Diana disappeared in
October, 1999 when she agreed to Lindsey's offer of money for sex.
Lindsey later stated that he had taken her to the same borrow pit where
he had killed Connie Terrell. During sex, Diana somehow angered Lindsey
and he hit the back of her head hard enough to knock her unconscious
with a single blow. Dragging her from the car, he dumped her body in the
borrow pond where it floated out a short distance and then sank some
thirty feet.
The Aftermath
It was a
Christmas card from retired deputy Fred Thompson to his former
boss, Sheriff Neil Perry that finally brought William Darrell
Lindsey to justice. It is a testament to the close-knit ties of
life in a small town and the persistence of law enforcement. A
newspaper clipping enclosed in that Christmas card reached the St.

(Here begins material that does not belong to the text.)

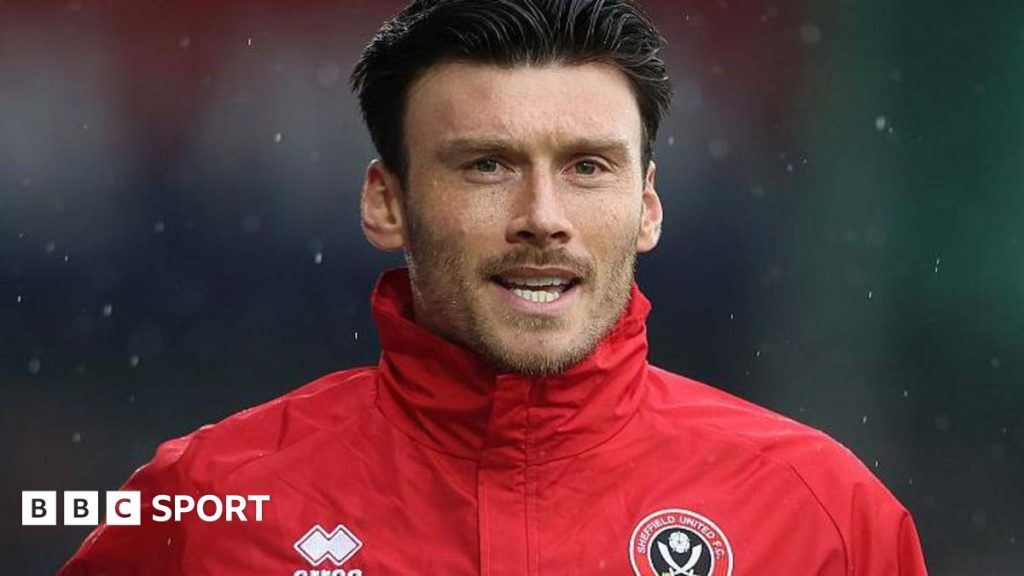 Kieffer Moore warming up for Sheffield United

Johns County Cold Case Homicide Task Force in January of 1997. The
months of research and interviews that followed resulted in
Lindsey being extradited from Ashville, NC to St. Augustine, FL
ten months later. The cooperation between the Buncombe County
Sheriff's office and Sheriff Perry's task force ensured that
Lindsey would be tried for six murders.
In July of 1999,
William Darrell Lindsey plea bargained his way out of a death sentence
and was given 30 years in Florida's Cross City Correctional Institute.
He is due to be released on December 11, 2025 at the age of 90. At
seventy-one, his words to detectives handling his case still ring
chillingly true:
"You've got to
understand that there's a good Bill and a bad Bill. Good Bill is a
decent person...Bad Bill is a person society needs to be afraid of."